La dotation budgétaire accordée au Fonds national de développement de l'évaluation (FNDE) atteint pour 1998, près de 800 000 francs. Le reliquat des exercices précédents s'élève à environ 4 millions, sur lesquels le FNDE sera financé en sus. Cette large différence entre dotation budgétaire et moyens réels ne semble pas conforme à la rigueur de gestion nécessaire à l'heure actuelle dans notre pays.

Par ailleurs certaines difficultés de gestion existent.

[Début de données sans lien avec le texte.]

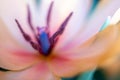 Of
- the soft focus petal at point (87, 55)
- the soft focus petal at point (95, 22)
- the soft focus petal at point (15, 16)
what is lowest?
the soft focus petal at point (87, 55)

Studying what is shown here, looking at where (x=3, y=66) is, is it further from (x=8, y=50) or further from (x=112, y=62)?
(x=112, y=62)

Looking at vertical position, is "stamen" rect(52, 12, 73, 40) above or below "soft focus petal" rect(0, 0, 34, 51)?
below

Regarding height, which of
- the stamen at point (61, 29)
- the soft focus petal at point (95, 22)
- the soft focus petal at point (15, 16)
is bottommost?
the soft focus petal at point (95, 22)

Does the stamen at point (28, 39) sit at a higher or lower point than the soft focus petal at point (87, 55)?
higher

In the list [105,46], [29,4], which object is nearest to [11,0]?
[29,4]

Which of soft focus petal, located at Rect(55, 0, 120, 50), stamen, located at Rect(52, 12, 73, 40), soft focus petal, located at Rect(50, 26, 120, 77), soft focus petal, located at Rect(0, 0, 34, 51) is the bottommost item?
soft focus petal, located at Rect(50, 26, 120, 77)

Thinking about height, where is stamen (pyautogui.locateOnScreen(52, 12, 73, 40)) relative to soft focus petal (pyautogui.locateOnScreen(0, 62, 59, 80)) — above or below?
above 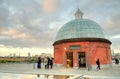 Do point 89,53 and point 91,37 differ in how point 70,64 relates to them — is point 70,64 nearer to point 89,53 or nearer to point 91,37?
point 89,53

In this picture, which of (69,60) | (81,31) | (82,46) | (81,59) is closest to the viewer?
(82,46)

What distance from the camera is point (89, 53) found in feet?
88.5

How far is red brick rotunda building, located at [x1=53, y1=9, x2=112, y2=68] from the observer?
27.3 metres

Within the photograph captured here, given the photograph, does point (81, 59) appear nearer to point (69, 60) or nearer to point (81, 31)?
point (69, 60)

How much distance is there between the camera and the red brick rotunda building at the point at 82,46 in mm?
27297

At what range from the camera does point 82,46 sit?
89.8 feet

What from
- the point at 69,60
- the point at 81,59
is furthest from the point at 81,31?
the point at 69,60

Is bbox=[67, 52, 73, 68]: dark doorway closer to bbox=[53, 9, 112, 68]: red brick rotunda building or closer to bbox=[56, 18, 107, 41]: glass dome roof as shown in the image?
bbox=[53, 9, 112, 68]: red brick rotunda building

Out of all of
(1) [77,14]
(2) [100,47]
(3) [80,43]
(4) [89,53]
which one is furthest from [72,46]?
(1) [77,14]

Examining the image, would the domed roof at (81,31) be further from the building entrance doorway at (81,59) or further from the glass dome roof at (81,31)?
the building entrance doorway at (81,59)

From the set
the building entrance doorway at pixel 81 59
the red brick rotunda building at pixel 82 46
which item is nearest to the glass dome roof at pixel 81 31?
the red brick rotunda building at pixel 82 46

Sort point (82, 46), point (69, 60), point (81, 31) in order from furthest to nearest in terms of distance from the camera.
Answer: point (81, 31)
point (69, 60)
point (82, 46)

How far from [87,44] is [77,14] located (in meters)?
11.0

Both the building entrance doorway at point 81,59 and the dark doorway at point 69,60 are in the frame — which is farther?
the dark doorway at point 69,60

Le Comité interministériel de l'évaluation (CIME) n'a pas été réuni depuis mars 1993. Des évaluations ont depuis été lancées avec l'accord du Premier Ministre. Toutefois cette vacance n'encourage pas la poursuite des travaux, les ministères ne les sollicitent plus. Il convient de prendre des décisions définitives sur ce sujet.

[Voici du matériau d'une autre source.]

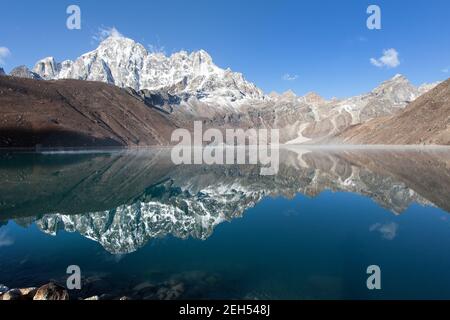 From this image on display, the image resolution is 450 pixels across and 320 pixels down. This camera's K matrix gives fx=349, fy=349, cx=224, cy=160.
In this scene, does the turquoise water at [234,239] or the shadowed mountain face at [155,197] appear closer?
the turquoise water at [234,239]

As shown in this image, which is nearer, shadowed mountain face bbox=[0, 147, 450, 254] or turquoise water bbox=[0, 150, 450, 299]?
turquoise water bbox=[0, 150, 450, 299]

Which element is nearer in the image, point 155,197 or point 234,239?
point 234,239

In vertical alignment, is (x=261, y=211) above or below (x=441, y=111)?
below

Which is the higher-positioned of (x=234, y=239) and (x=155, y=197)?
(x=155, y=197) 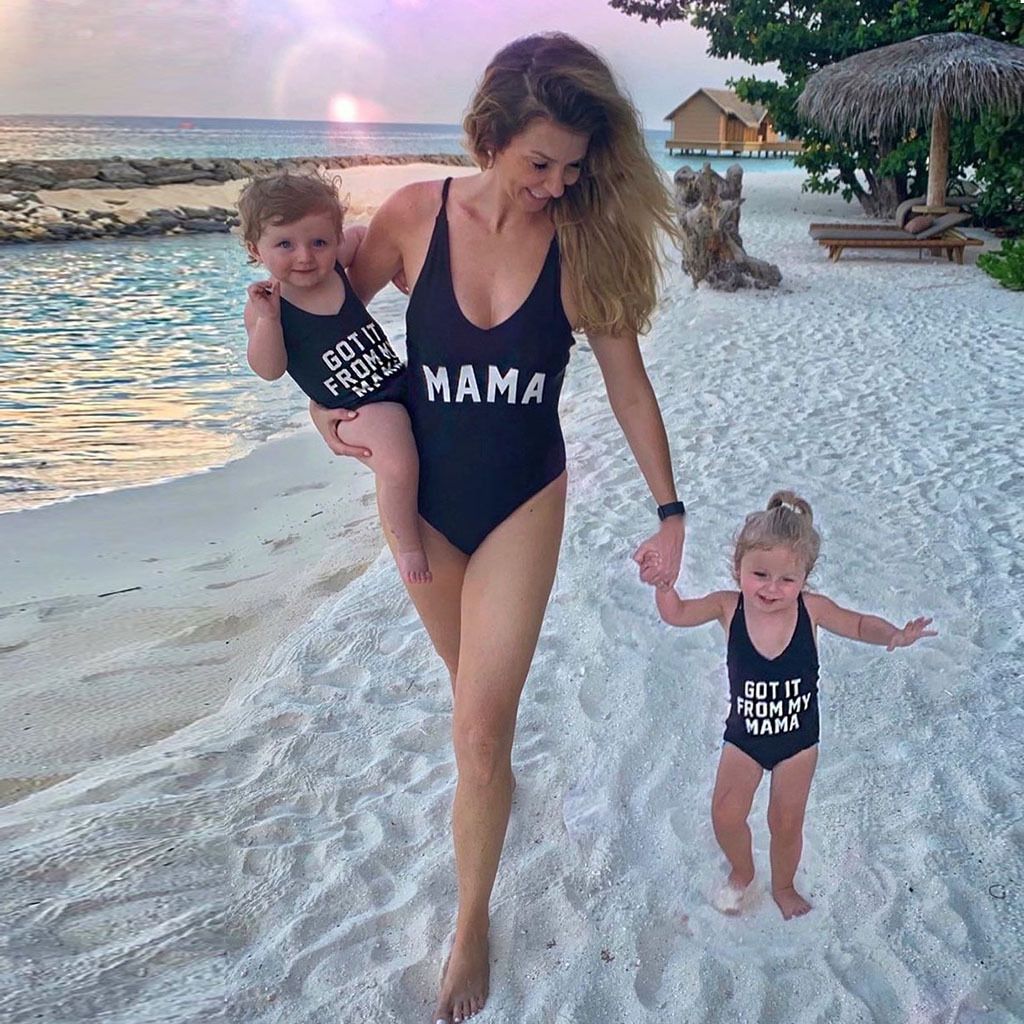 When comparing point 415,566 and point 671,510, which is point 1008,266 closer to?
point 671,510

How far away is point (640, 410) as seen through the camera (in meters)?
2.21

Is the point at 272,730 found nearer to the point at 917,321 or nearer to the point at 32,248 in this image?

Le Conseil supérieur de l'évaluation (CSE), chargé de la promotion des méthodes et de la déontologie de l'évaluation, n'est plus réellement constitué. Le mandat de six de ses onze membres est arrivé à son terme en juin dernier, mais le Président de la République n'a pas effectué les nominations nécessaires.

Enfin l'ancien directeur du CEPII, M. Jean Pisani-Ferry, appelé à d'autres fonctions, n'a pas été remplacé depuis son départ au printemps dernier.

Votre rapporteur déplore l'ensemble de ces dysfonctionnements.

C. LES CONTRATS DE PLAN

Les contrats Etat-Entreprise publique ont dans l'ensemble eu des résultats positifs. Les contrats de plan les plus remarquables ont été signés avec les Sociétés d'autoroutes. Le contrat conclu avec France Telecom en 1995 visait à amener l'entreprise à la concurrence. EDF a également signé un contrat en 1997 qui s'achèvera en l'an 2000. Ce contrat porte sur une baisse des tarifs, une poursuite du désendettement de l'entreprise et une intensification de ses activités à l'étranger. Un nouveau contrat liant l'Etat à La Poste est en cours de négociation.

Comme votre précédent rapporteur spécial l'avait pressenti l'an dernier, l'évaluation des Contrats de plan Etat Régions est une activité du Commissariat qui connaît une forte progression.

Les résultats sont décevants. En effet les évaluateurs rencontrent des difficultés liées à la dispersion des informations. Pourtant, leur collecte est faite par les préfets et les trésoriers payeurs généraux. La principale difficulté réside - semble t il - dans la différenciation des crédits engagés de ceux consommés. Cette réserve faite , les crédits des CPER sont sous- consommés, l'évaluation porte sur la fin 1996 - à mi-parcours - et révèle que rarement les taux de consommation sont proches de ce qu'ils devraient être, c'est-à-dire 50 %. C'est toutefois le cas, le plus souvent pour les dépenses liées à l'enseignement supérieur. Par exemple, en Champagne Ardennes, 72 ,4 % des crédits affectés à ces dépenses ont été consommés. En revanche le développement urbain, la recherche et la formation professionnelle ne sont pas favorisés. Le secteur routier, pourtant important, est difficilement chiffrable en raison des multiples financements qui interviennent. Toutefois il semblerait que la proportion de crédits consommés soit proche de 50%.